Work to complete => Your task is to write out every line of the data exactly. Drop the pictures.

Working data =>
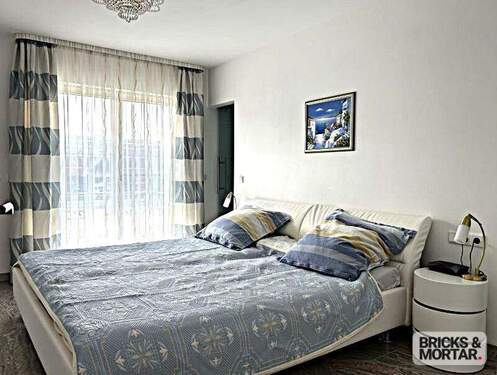 Schlafzimmer mit begehbarem Kleiderschrank - 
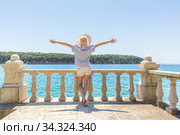 Rear view of happy woman on vacation, wearing straw summer hat ,standing on luxury elegant old stone balcony of coastal villa, relaxing, arms rised to the sun, looking at blue Adriatic sea. Стоковое фото, фотограф Matej Kastelic / Фотобанк Лори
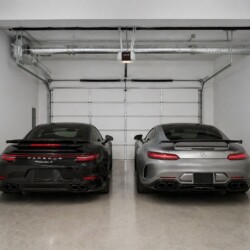 Black Porsche 911 Turbo S and silver Mercedes-AMG GT parked side by side in a clean, empty garage.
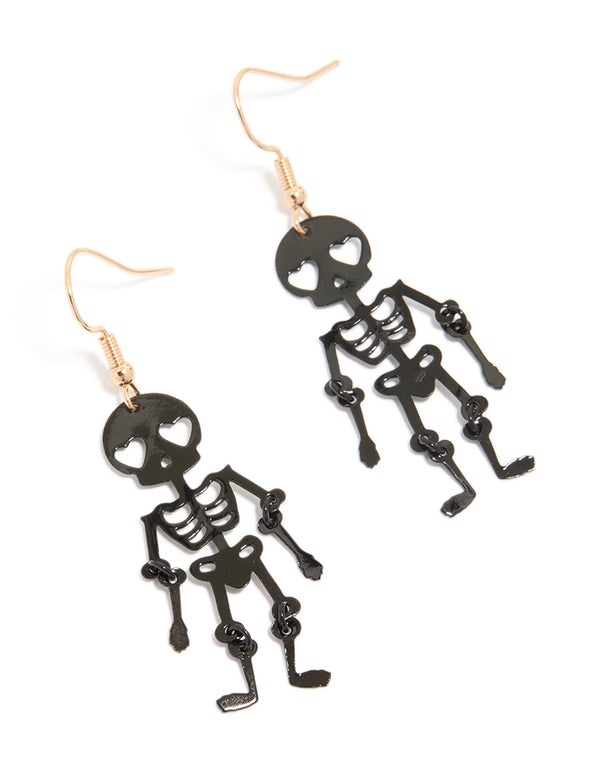 Statement drop earrings featuring heart eye skeleton in black and gold front view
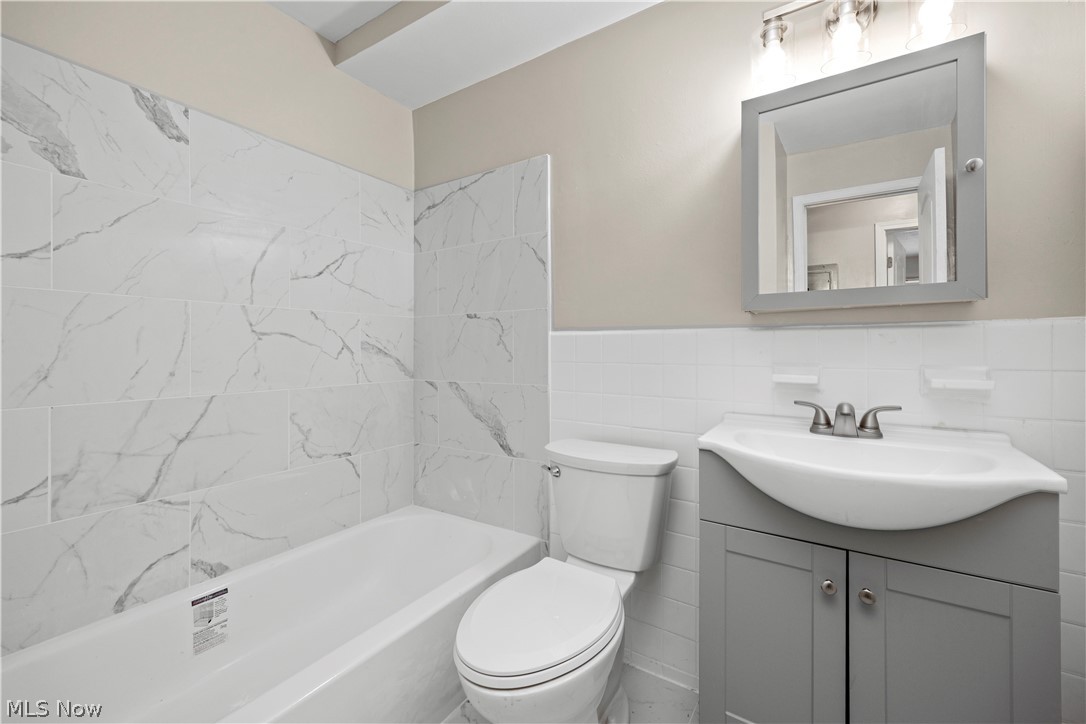5382 Lee Road, Unit 102 Maple Heights, OH 44137 - Photo 17 of 25 Bathroom featuring vanity, tile walls, a wainscoted wall, and bathing tub / shower combination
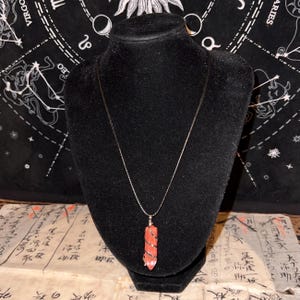 May include: A silver chain necklace with a red and white spiral crystal pendant.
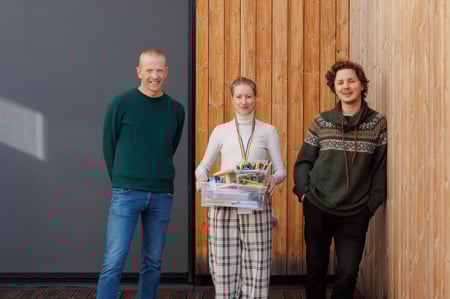 2 menn og en kvinne står oppreiste, og ser mot fotografen. Kvinnen holder en kasse med lekesaker og tegnesaker i hendene.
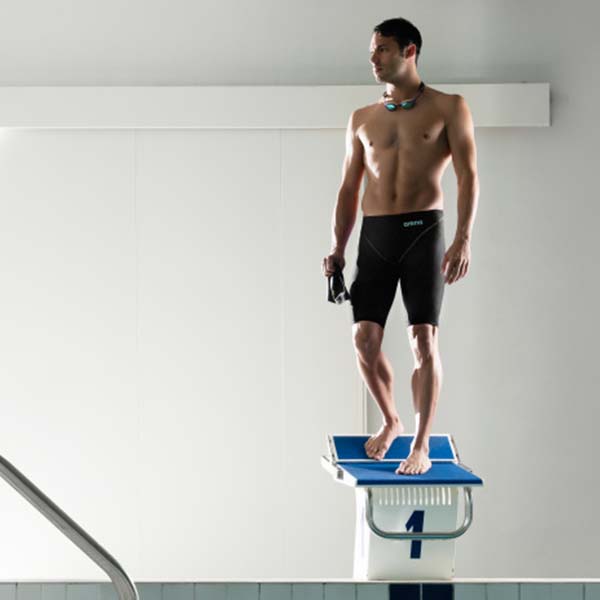 Man standing on Swim Starter Blocks wearing arena powerskin impulso jammers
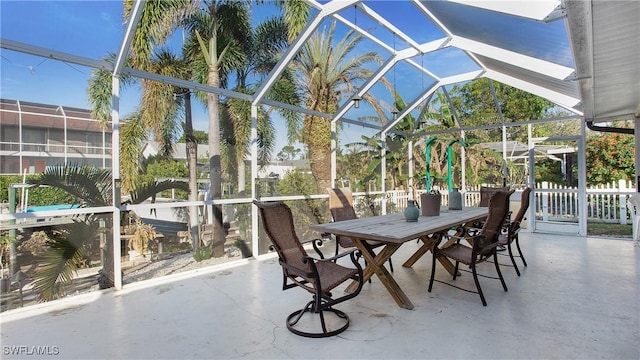 view of patio with glass enclosure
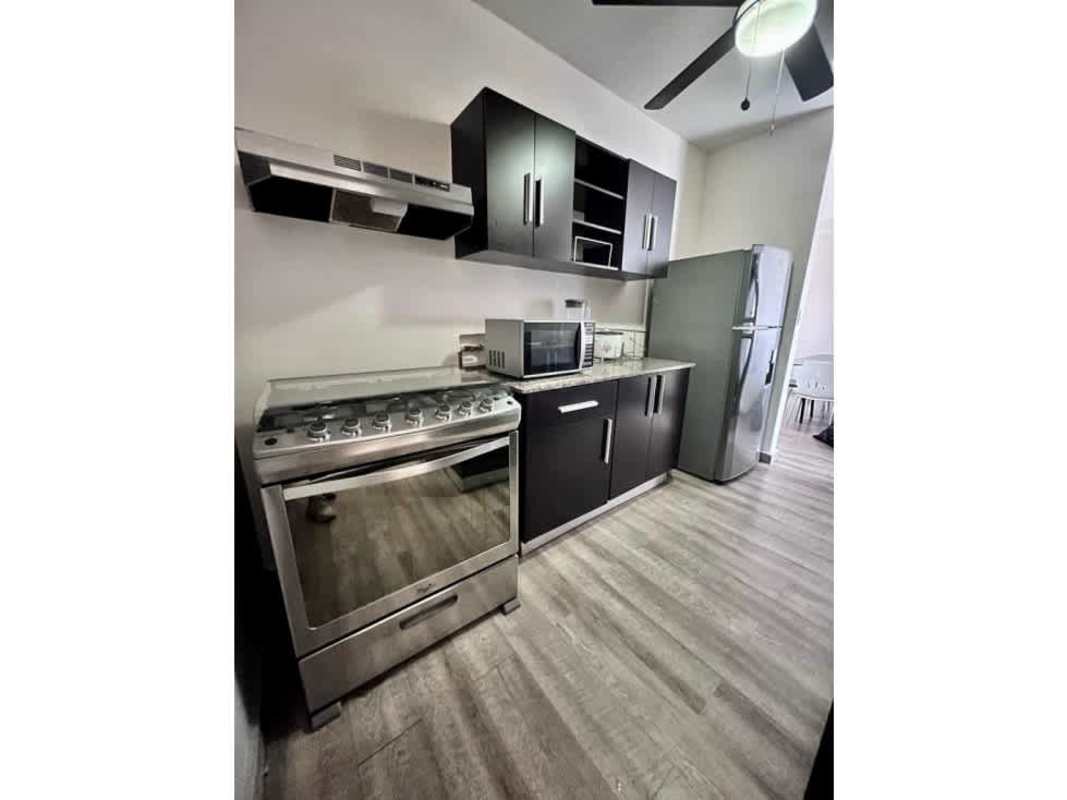 Modern swimming pool with seating area at PH El Doral Panama City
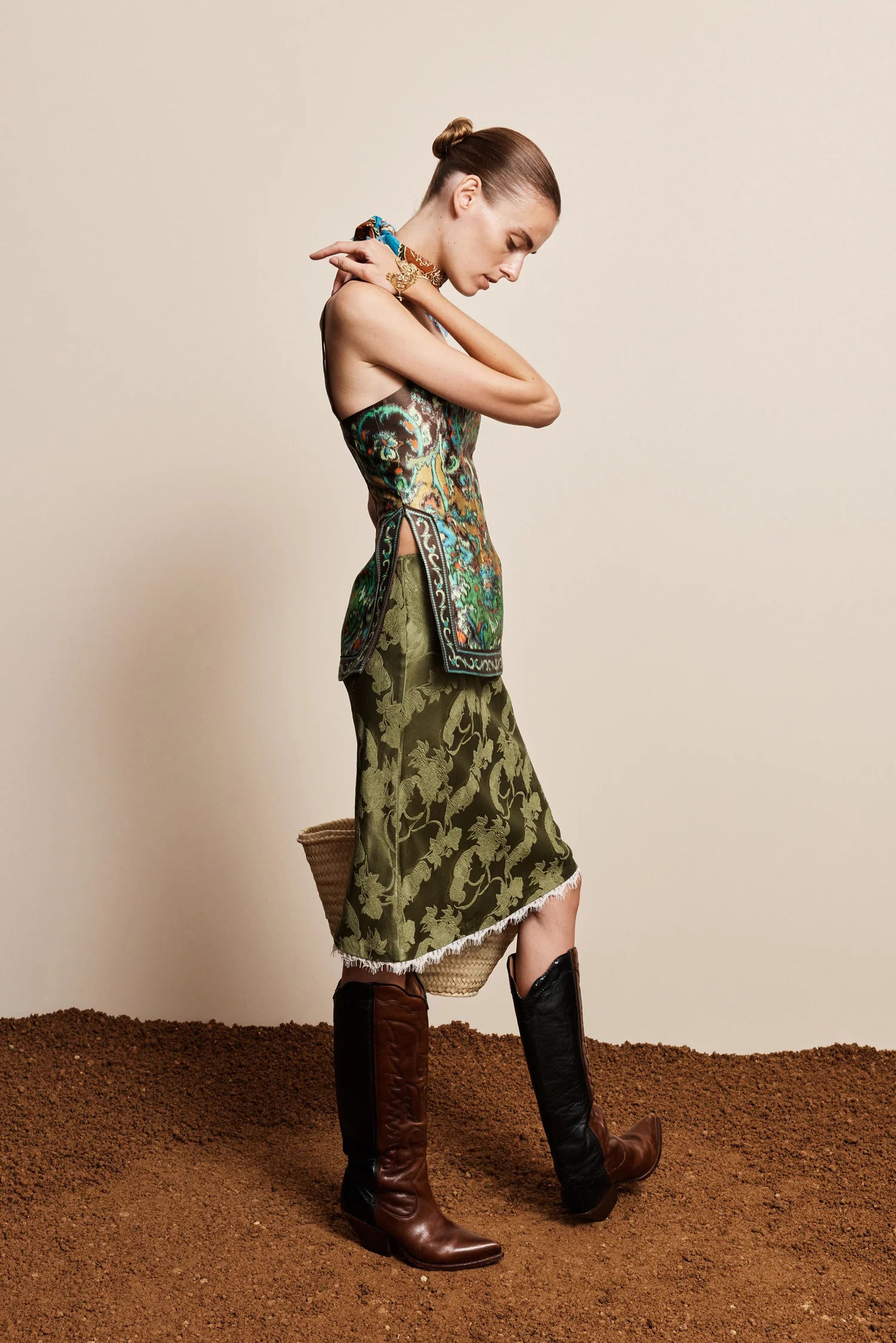 A woman models a sleeveless green midi dress with a floral pattern and a matching patterned belt, styled with brown and black knee-high boots against a beige studio backdrop.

Response to the exercise =>
 Schlafzimmer mit begehbarem Kleiderschrank - 
 Rear view of happy woman on vacation, wearing straw summer hat ,standing on luxury elegant old stone balcony of coastal villa, relaxing, arms rised to the sun, looking at blue Adriatic sea. Стоковое фото, фотограф Matej Kastelic / Фотобанк Лори
 Black Porsche 911 Turbo S and silver Mercedes-AMG GT parked side by side in a clean, empty garage.
 Statement drop earrings featuring heart eye skeleton in black and gold front view
5382 Lee Road, Unit 102 Maple Heights, OH 44137 - Photo 17 of 25 Bathroom featuring vanity, tile walls, a wainscoted wall, and bathing tub / shower combination
 May include: A silver chain necklace with a red and white spiral crystal pendant.
 2 menn og en kvinne står oppreiste, og ser mot fotografen. Kvinnen holder en kasse med lekesaker og tegnesaker i hendene.
 Man standing on Swim Starter Blocks wearing arena powerskin impulso jammers
 view of patio with glass enclosure
 Modern swimming pool with seating area at PH El Doral Panama City
 A woman models a sleeveless green midi dress with a floral pattern and a matching patterned belt, styled with brown and black knee-high boots against a beige studio backdrop.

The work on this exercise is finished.